Video shows at least two students trying to break up the fight, but it didn’t work. Another staff member had to intervene to stop the two adults from punching each other.

“We send our kids to school to learn, for an education, not to sit there and witness a fight between two adults,” Stewart said.

School officials are investigating why the fight broke out.

“I really couldn’t believe it. Like I thought it was kids fighting and then found out it was teachers. It was just bad,” student Madison Hall said.

The school sent a letter home to parents on Monday telling them that two staff members were “engaged in a physical altercation that caused a major disturbance in a classroom.” The letter assured parents that they both will face appropriate discipline.

School officials declined an on-camera interview while the investigation is open, but sent a statement that said: “The interaction and conduct in the video is completely unacceptable and contrary to our district’s tenets and core principles. Those staff members that participated in the conduct have been removed from the learning environment.”

School officials said both staff members have been arrested and charged with disorderly conduct in a public place.


----------



## Mai Tai (May 24, 2017)

A lot of adults are simply out of control.  These women are despicable and should never be allowed to influence young black minds.


----------



## 1QTPie (May 24, 2017)

Over a man... sigh.  I still giggled, but man, come on.


----------



## Lucie (May 24, 2017)

I am ashamed.


----------



## Mai Tai (May 24, 2017)

1QTPie said:


> Over a man... sigh.  I still giggled, but man, come on.

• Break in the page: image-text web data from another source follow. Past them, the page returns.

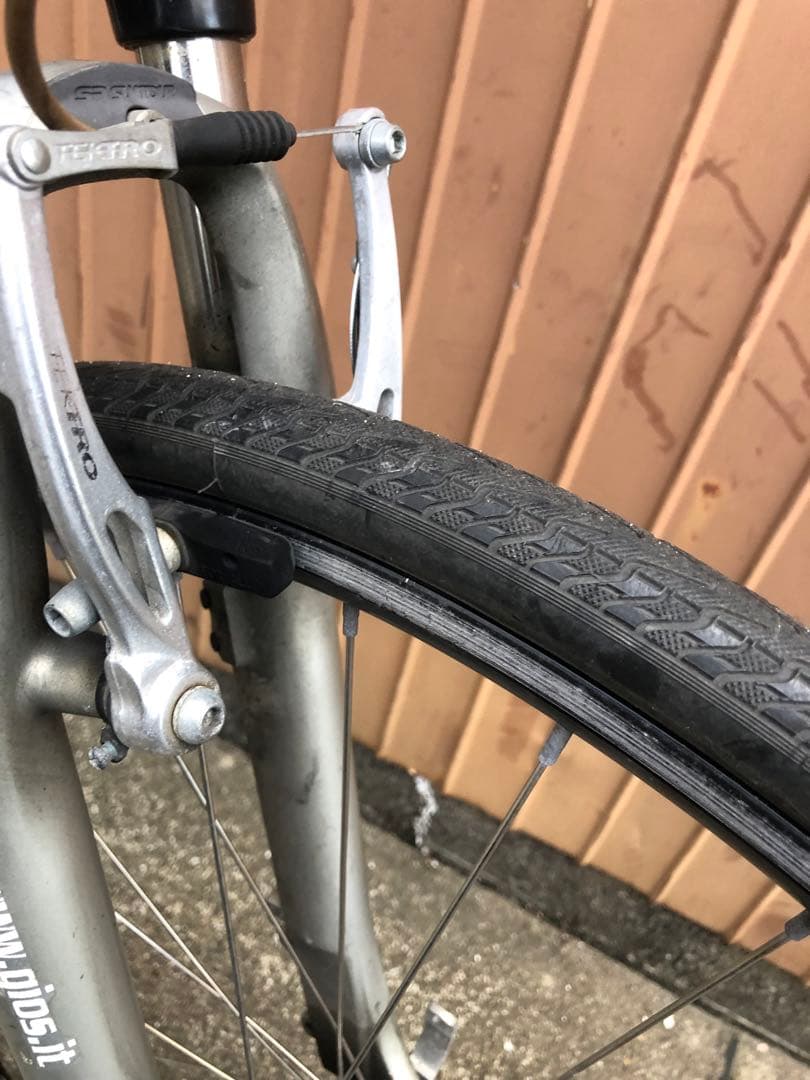 GIOS CELE 700c クロスバイク　チェレ　ジオス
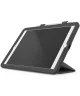 OtterBox Unlimited Folio iPad 10.2 (2019/2020/2021) Hoes Book Case Grijs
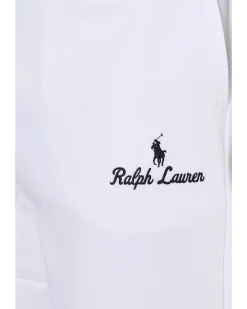 Polo Ralph Lauren 9-Inch Logo Double-Knit Shorts Men's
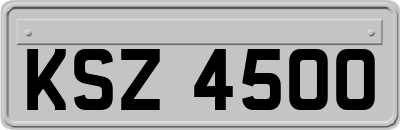 KSZ4500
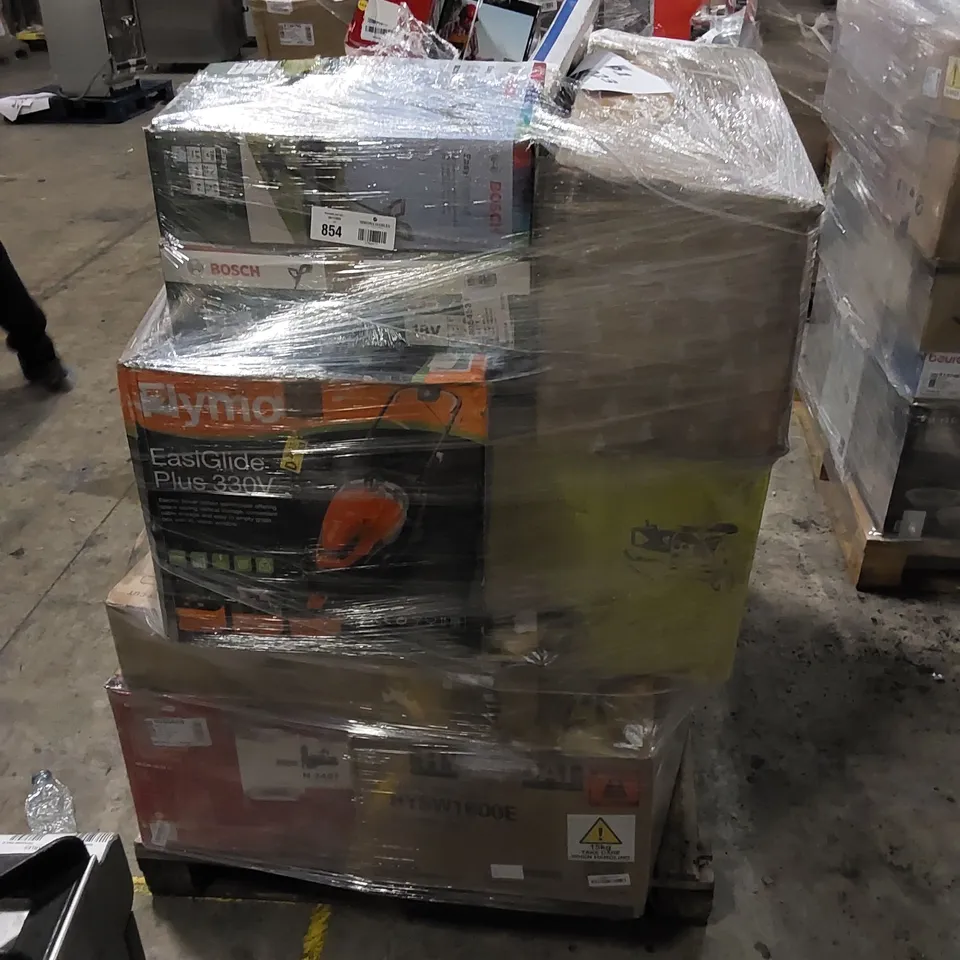 PALLET OF APPROXIMATELY 17 ASSORTED HOUSEHOLD & ELECTRICAL PRODUCTS TO INCLUDE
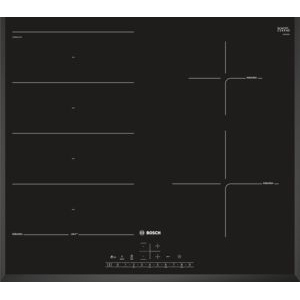 Table de cuisson 4 zones Taque à induction Serie 6 BOSCH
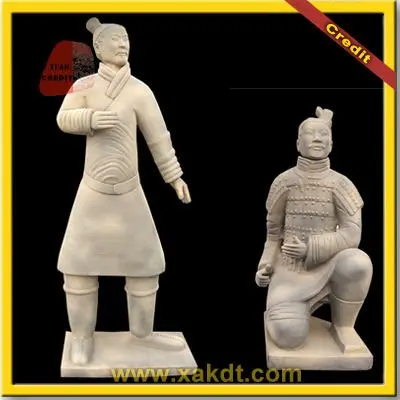 
Life Size Chinese Warrior Statue Terracotta Warriors Replica BMY1245 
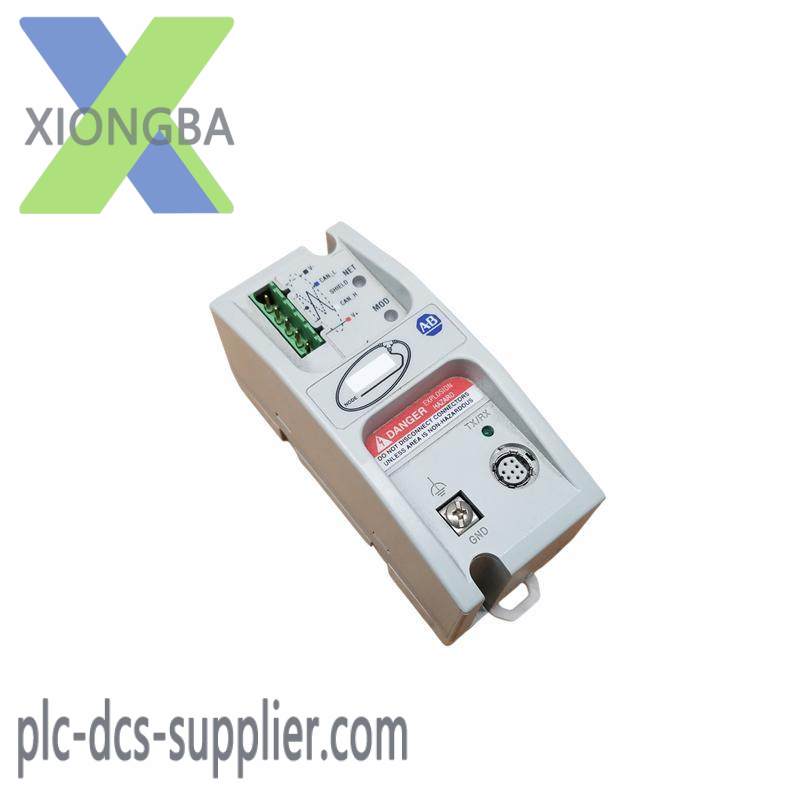 AB Controls 1761-NET-DNI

Wait...where did you read that?  I mean...I figured as much but was still secretly holding out hope that they weren't THAT silly.


----------



## Jasmataz (May 24, 2017)




----------



## Southernbella. (May 24, 2017)

DeKalb is a cesspool now.


----------



## Fifty&Fab (May 24, 2017)

I thought I was just going to see some pushing and shoving, but these women were straight up fighting. I just cannot imagine anything that would have me worked up to the extent that I would be brawling at my darn job. It ain't that serious and I hope they were not dumb enough to be fighting over community peen.


----------



## YvetteWithJoy (May 24, 2017)

Forty&Fab said:


> I thought I was just going to see some pushing and shoving, but these women were straight up fighting. I just cannot imagine anything that would have me worked up to the extent that I would be brawling at my darn job. It ain't that serious and I hope they were not dumb enough to be _fighting over_ *community peen*.



 

Ohhhhhhh, wowwwwwww!: The concept of FIGHTING over peen that belongs to everyone in the community.


----------



## PJaye (May 24, 2017)

Is that how teachers are dressing these days?


----------



## JerriBlank (May 24, 2017)

Wait, did I miss the info about it being over a man? Wth?
I'm so hurt that those kids had to try and break up a fight between two adult employees of their school.


----------



## Thump (May 24, 2017)

Straight trash.


----------



## Bunnyhaslonghair (May 24, 2017)

Woah I was expecting two men.


----------



## HaveSomeWine (May 24, 2017)

Disgusting and unprofessional. They aren't the kind of people that can teach people's children anything valuable.


----------



## LiftedUp (May 24, 2017)

gimbap said:


> at least two students trying to break up the fight, but it didn’t work


Que :/


----------



## DarkJoy (May 24, 2017)

i had hoped they werent black.

then i hoped it wasnt over some dude.

so disappointed in these sistas.

and watch that ninja leave them both cuz theyre both unemployed now and can no longer support his FBoi Kanghood-dom.


----------



## WhereItsAt (May 24, 2017)

I don't even know where to begin.. It's sad if they were truly fighting over some peen... It's a real shame that the children had better sense than the teachers and try to break them up... these women were beating the brakes off each other! They needed to be fired. 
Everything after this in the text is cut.